И протягиваю Сакуненко с дамой коробку «Герцеговины Флор», конечно, из лежалой партии, малость плесенью потягивают, но зато — марка. Чуть я при деньгах или к Эсфирь Наумовне заворачиваю в «Маячок», сразу беру себе «Герцеговину Флор» и курю, как какой-нибудь Сталин. Такая уж у меня слабость на эти папиросы.
— Слушай, капитан, — говорю я Сакуненко. — Когда в море уходите и куда?
— На сайру опять, — говорит капитан, а сам кашляет от «Герцеговины» и смотрит на меня сквозь дым пронзительным взглядом. — К Шикотану, через пару деньков.
— Ах, Володя, почему вы меня не хотите взять, — сказала дамочка, — право, почему, ведь это можно оформить в официальном порядке.
— Обождите, гражданка, — сказал я. — А что, Сакуненко, у вас сейчас комплект?
— А что? — говорит он и на дамочку ноль внимания.
— А что, Сакуненко, — спрашиваю, — имеешь на меня зуб?
— А как ты думаешь, Валя? — человечно так спрашивает Сакуненко.
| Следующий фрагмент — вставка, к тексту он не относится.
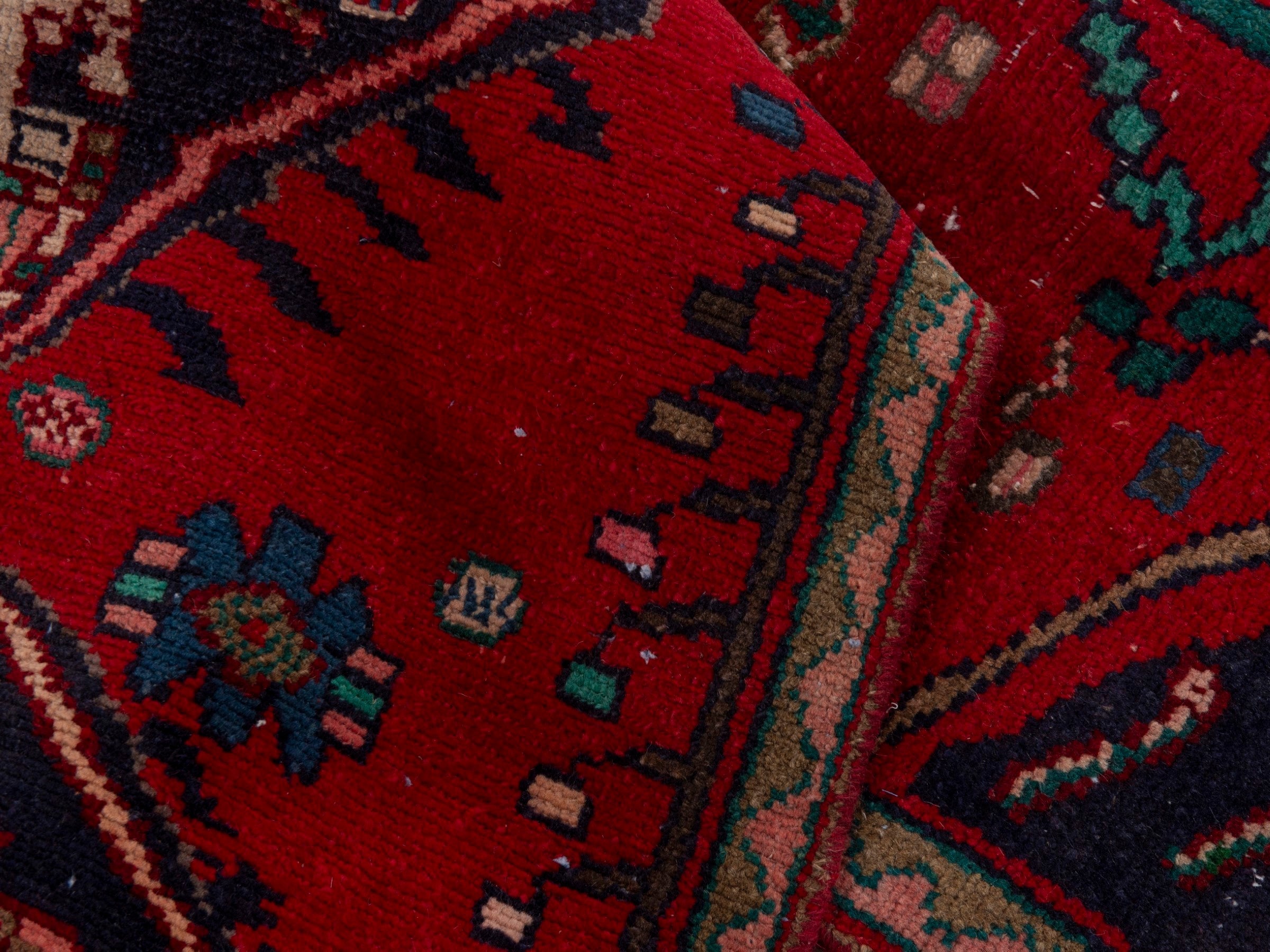 Persian Hamedan runner rug in deep red and dark blue, view 17 of 18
— Законно, — говорю. — Есть за что.
Он на меня смотрит и молчит, и дамочка его притихла, не знаю уж, кем она ему приходится. И вдруг я говорю ему:
— Васильич!
Так на «Зюйде» его зовут из-за возраста. «Товарищ капитан» неудобно, для Владимира Васильевича молод. Володей звать по чину нельзя, а вот Васильич — в самый раз, по-свойски, вроде и с уважением.
— Конечно, — говорю, — Васильич, ты понимаешь, шампанское мне сейчас дает легкость, но, может, запишешь меня в судовую роль? Мне сейчас вот так надо в море.
— Пойдем, поговорим, — хмурится Сакуненко.
Мне даже подраться как следует не удалось — так быстро бичей разогнали. Очередь выровнялась. Снова заиграла гармошка. Девушки с равнодушными лицами снова пустились в пляс, а нанайцы уселись у своего костра. На снегу лежал разорванный пакет. Несколько апельсинов выкатились из него. Как будто пакет упал с неба, как будто его сбросили с самолета, как будто это подарок судьбы. Прекрасно, это будет темой моих новых стихов.
Мне стало вдруг весело и хорошо, словно и не произошло у меня только что крушение любви. Мне вдруг показалось, что весь этот вечер, вся эта история с апельсинами — любительский спектакль в Доме культуры моряков, и я в нем играю не последнюю роль, и все вокруг такие теплые, свои ребята, и бутафория сделана неплохо, только немного неправдоподобно, словно в детских книжках: луна, и серебристый снег, и сопки, и домики в сугробах, но скоро мой выход, скоро прибежит моя партнерша в модном пальтеце и в валенках.
А впереди у меня целых два дня, только через два дня мы выходим в море.
Я подобрал апельсины и понес их к весам.
— Чудик, — сказали мне ребята, — лопай сам. Твой трофей.
— Чудик, — сказала продавщица, — за них же плочено.